# [Task]
Repeat only part of the entries. Start at the line that has "The Epic Of Zektbach Piano Collection" and keep going through the last line, exactly as given.

[Web page caption snippets]
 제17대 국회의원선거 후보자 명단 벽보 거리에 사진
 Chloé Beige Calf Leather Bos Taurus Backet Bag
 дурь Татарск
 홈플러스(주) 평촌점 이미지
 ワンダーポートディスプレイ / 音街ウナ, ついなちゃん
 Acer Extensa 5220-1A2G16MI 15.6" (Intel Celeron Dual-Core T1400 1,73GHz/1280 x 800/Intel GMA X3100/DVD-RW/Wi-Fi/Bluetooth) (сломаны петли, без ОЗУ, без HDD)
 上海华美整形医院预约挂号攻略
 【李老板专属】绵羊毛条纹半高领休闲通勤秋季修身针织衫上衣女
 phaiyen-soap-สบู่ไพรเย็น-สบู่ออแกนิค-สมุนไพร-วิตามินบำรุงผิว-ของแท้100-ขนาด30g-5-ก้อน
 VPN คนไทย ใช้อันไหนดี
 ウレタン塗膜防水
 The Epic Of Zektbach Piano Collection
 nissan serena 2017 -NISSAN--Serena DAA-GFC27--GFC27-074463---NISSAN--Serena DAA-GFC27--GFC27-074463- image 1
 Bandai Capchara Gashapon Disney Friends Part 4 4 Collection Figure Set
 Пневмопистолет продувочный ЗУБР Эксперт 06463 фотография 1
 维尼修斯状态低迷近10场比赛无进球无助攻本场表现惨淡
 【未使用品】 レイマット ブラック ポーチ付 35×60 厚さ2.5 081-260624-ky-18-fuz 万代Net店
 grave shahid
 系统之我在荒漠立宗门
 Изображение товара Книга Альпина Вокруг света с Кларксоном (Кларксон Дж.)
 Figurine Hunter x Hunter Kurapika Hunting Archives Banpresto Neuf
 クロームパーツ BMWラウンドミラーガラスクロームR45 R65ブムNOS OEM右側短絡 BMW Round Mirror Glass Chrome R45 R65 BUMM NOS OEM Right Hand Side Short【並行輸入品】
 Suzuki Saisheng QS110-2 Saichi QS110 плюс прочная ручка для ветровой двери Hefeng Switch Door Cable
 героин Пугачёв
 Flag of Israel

# [Task answer]
 The Epic Of Zektbach Piano Collection
 nissan serena 2017 -NISSAN--Serena DAA-GFC27--GFC27-074463---NISSAN--Serena DAA-GFC27--GFC27-074463- image 1
 Bandai Capchara Gashapon Disney Friends Part 4 4 Collection Figure Set
 Пневмопистолет продувочный ЗУБР Эксперт 06463 фотография 1
 维尼修斯状态低迷近10场比赛无进球无助攻本场表现惨淡
 【未使用品】 レイマット ブラック ポーチ付 35×60 厚さ2.5 081-260624-ky-18-fuz 万代Net店
 grave shahid
 系统之我在荒漠立宗门
 Изображение товара Книга Альпина Вокруг света с Кларксоном (Кларксон Дж.)
 Figurine Hunter x Hunter Kurapika Hunting Archives Banpresto Neuf
 クロームパーツ BMWラウンドミラーガラスクロームR45 R65ブムNOS OEM右側短絡 BMW Round Mirror Glass Chrome R45 R65 BUMM NOS OEM Right Hand Side Short【並行輸入品】
 Suzuki Saisheng QS110-2 Saichi QS110 плюс прочная ручка для ветровой двери Hefeng Switch Door Cable
 героин Пугачёв
 Flag of Israel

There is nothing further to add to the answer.